## TASK ITEM
The answer is the data repeated in full, with no pictures included.

## DATASET EXTRACT
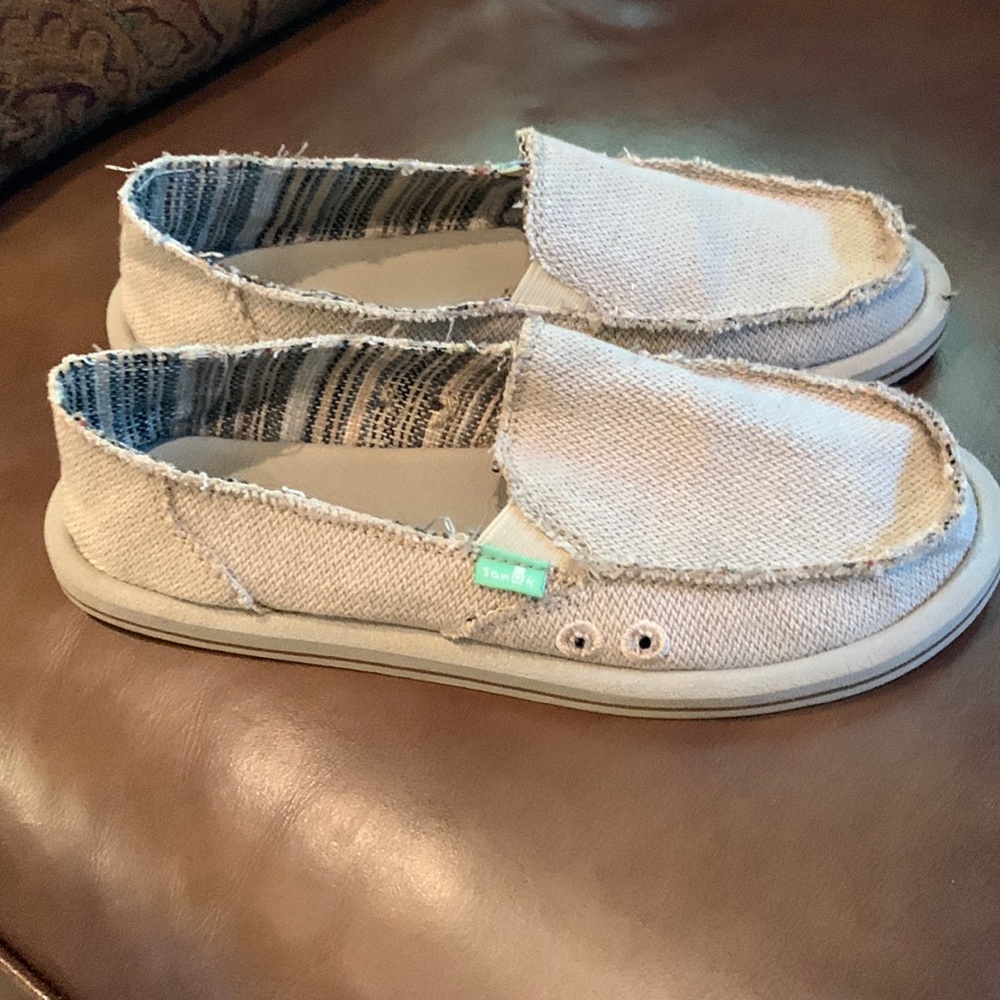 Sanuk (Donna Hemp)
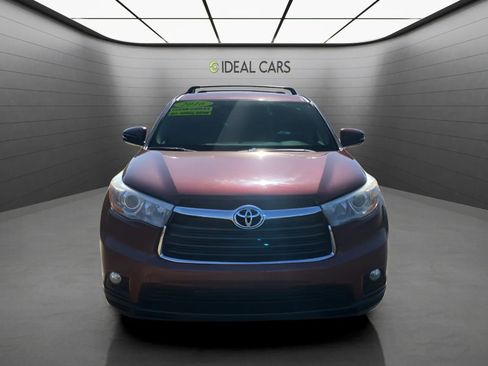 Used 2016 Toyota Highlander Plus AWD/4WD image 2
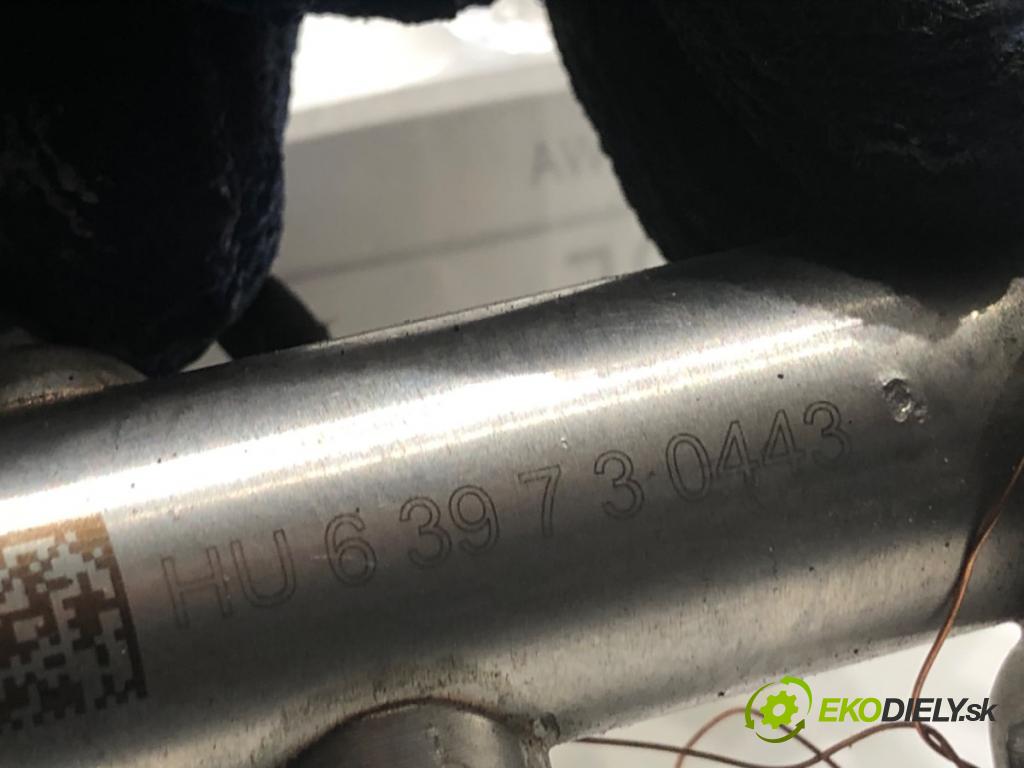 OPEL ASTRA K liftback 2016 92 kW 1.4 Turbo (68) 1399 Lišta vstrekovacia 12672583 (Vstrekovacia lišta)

## ANSWER TO THE EXERCISE
 Sanuk (Donna Hemp)
 Used 2016 Toyota Highlander Plus AWD/4WD image 2
 OPEL ASTRA K liftback 2016 92 kW 1.4 Turbo (68) 1399 Lišta vstrekovacia 12672583 (Vstrekovacia lišta)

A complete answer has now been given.